Financial Markets: 4th Quarter 2015 Market Commentary
3rd Quarter Review
Financial markets went on a roller coaster ride in the third quarter and so did people’s emotions. The S&P 500 had it’s worst quarterly return since the 3rd quarter of 2011. Domestic and International stocks ended the quarter down significantly with emerging markets losing over 15%. Bond returns ended the quarter positive in a flight to safety. In this issue of Allgen’s quarterly market commentary, we will discuss concerns around the global economy, market sentiment, and cyclicality.
International and Emerging markets took a major hit last quarter and are down significantly for the year. Various economists have been lowering their outlook for growth for the global economy. The Organization for Economic Cooperation and Development (OECD) cut its 2015 forecast from 3.1% to 3% and its 2016 forecast from 3.8% to 3.6%. They expect Chinese growth to slow to 6.7% this year and 6.5% next year after 7.4% in 2014. On the other hand, all the major world economic organizations are predicting stronger growth in 2016 than in 2014 and 2015. While the slowdown in China and most emerging markets has dragged down the global economy recently, there are some signs that the slowing economy is already priced into the markets. In fact, from a charting standpoint there are signs that point to a bounce. It is important to look at oil and commodities as a gauge to the health of the emerging markets and the global economy. Oil is a huge revenue source for a lot of emerging markets. While oil has dropped dramatically over the last year, it is showing signs of at least a short to intermediate term bounce (as seen in the chart above). After going as low as $37 per barrel, oil has recently bounced and even broken above some short-term resistance at $46. It’s also had a positive divergence as shown in the chart above (A bullish sign from a charting standpoint). Other charts of emerging markets are showing similar positive patterns that indicate a high likelihood of a bounce.

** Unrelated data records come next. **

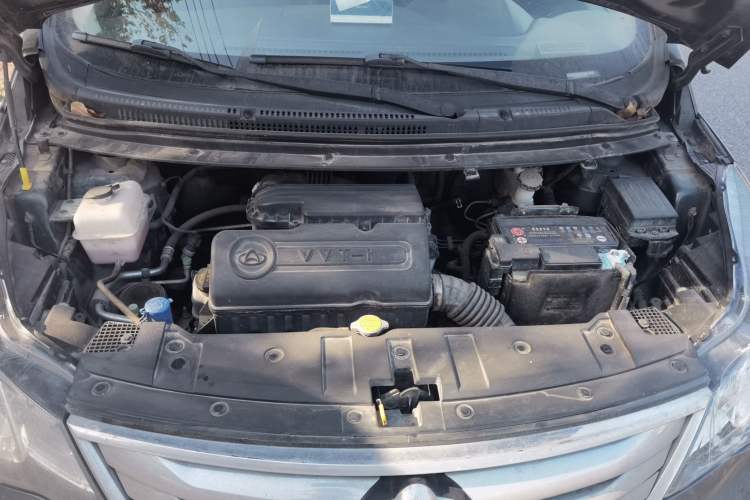 Used CHANGAN KAICHENG Oushang A600 2016 1.5L Manual Luxury 7-Seater Engine Bay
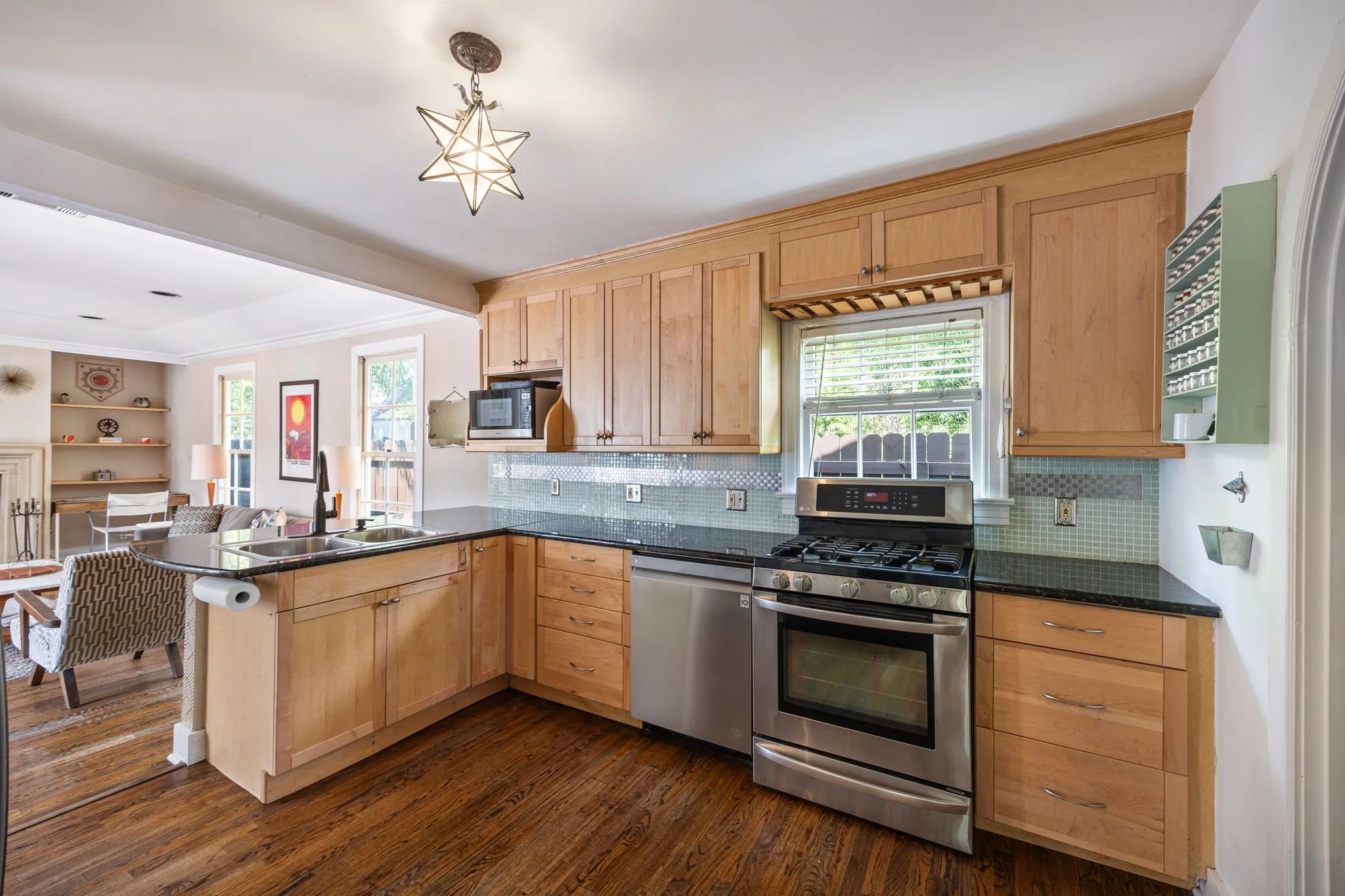 10-110 -305 E 50TH ST.jpg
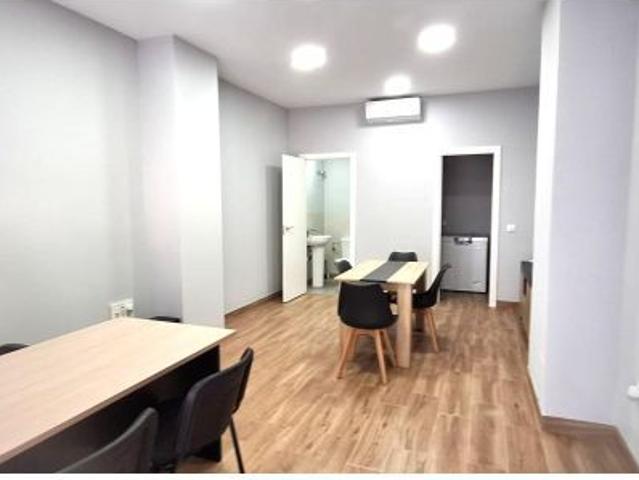 Local comercial en Alquiler en Badajoz, Badajoz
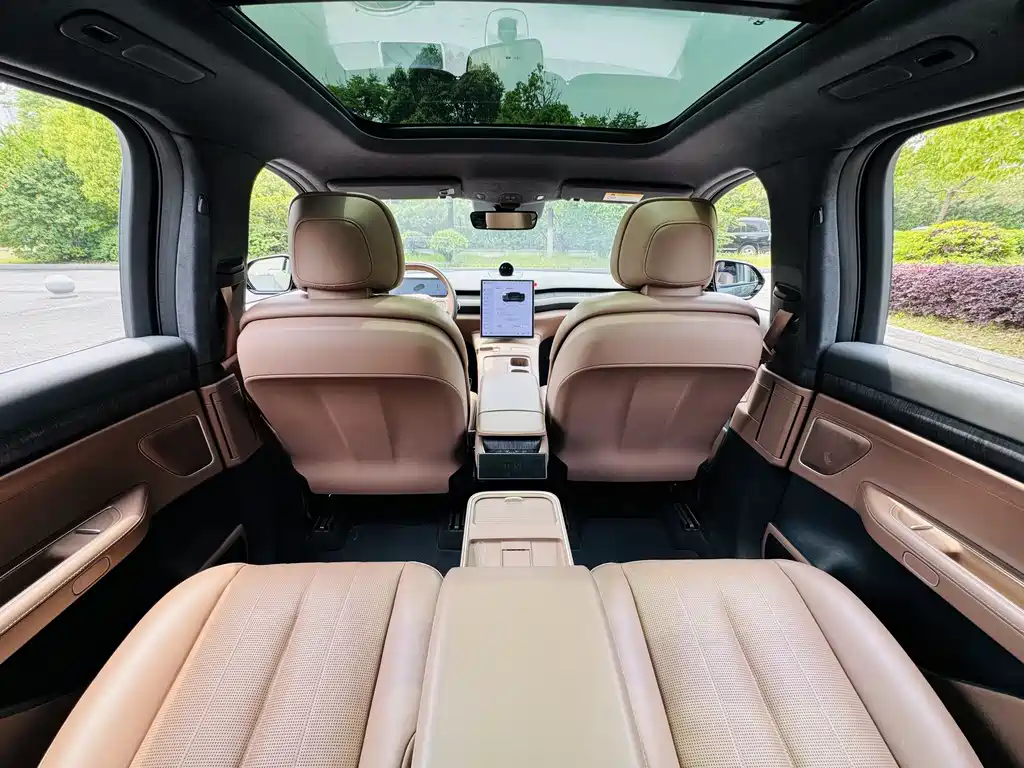 NIO ES8 2023 75kWh Executive Edition купить на сайте DeffCars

The recent drop in the stock market caused a significant level of fear; we would venture to say irrational levels of fear. The S&P 500 dropped a little over 12% from its highs in July. But fear (as represented by the Volatility Index (VIX)) reached its highest level since the market low in March of 2009 after the S&P 500 had dropped over 57% from its peak to trough (Chart on left). Historically high levels of fear during market drops have been good times to buy. See the yellow vertical lines in the chart which represent market drops with high levels of fear. Each one represented an excellent buying opportunity. Other sentiment measures like the AAII Sentiment Survey also showed excessive levels of bearishness.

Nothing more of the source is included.